Up until now, we simply rearranged and integrated both sides, so
$$y'=y(1-y)$$ $$\frac{dy}{dx}=y(1-y)$$ $$\frac{dy}{y(1-y)}=dx$$ $$\int\frac{dy}{y(1-y)}=\int dx$$
With partial fraction decomposition one gets
$$\int\frac{dy}{y} +\int\frac{dy}{(1-y)}=\int dx$$
$$\log|y| + C_1 + \log|1-y|+C_2=x+C_3$$
$$\log|y| + \log|1-y|=x+C_4$$
$$|y||1-y|=C_5e^x$$
How do I continue from here?
Edit: It should be
$$\int\frac{dy}{(1-y)}=-\log|1-y|+C$$
You have $|y||1-y|=C_5e^x$, and $C_5$ must be positive because it's $e$ raised to a power. This implies $y(1-y)=C_6 e^x$, where $C_6$ need not be positive.
However, when you divided by $y(1-y)$, you tacitly assumed $y\ne0$ and $1-y\ne 0$. That means you need to check separately to see if there are solutions consistent with those.
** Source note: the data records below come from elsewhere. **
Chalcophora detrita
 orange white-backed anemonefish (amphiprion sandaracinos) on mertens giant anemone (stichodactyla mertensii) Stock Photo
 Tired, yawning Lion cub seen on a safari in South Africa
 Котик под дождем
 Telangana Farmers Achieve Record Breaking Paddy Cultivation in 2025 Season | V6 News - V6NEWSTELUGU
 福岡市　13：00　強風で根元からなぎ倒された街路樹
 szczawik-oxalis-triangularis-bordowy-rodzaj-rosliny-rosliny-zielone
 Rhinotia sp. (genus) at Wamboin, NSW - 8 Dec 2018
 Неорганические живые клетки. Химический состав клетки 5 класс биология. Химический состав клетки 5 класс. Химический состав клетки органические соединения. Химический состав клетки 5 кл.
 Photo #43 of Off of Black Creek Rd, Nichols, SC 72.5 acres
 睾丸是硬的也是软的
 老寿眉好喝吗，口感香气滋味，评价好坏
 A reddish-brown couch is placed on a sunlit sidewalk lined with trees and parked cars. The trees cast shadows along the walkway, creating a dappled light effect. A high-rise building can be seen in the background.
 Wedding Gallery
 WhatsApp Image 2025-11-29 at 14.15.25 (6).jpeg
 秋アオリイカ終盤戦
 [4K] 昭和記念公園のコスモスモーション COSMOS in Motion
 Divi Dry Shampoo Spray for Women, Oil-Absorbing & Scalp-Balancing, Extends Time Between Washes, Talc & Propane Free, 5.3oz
However: You neglected the chain rule and should have instead $$ \frac y{1-y} = C_6 e^x. $$ That implies: $$ y = (1-y)C_6e^x $$ $$ y = C_6e^x - yC_6 e^x $$ $$ y+yC_6 e^x = C_6 e^x $$ $$ y(1+C_6 e^x) = C_6e^x $$ $$ y = \text{etc.}\cdots $$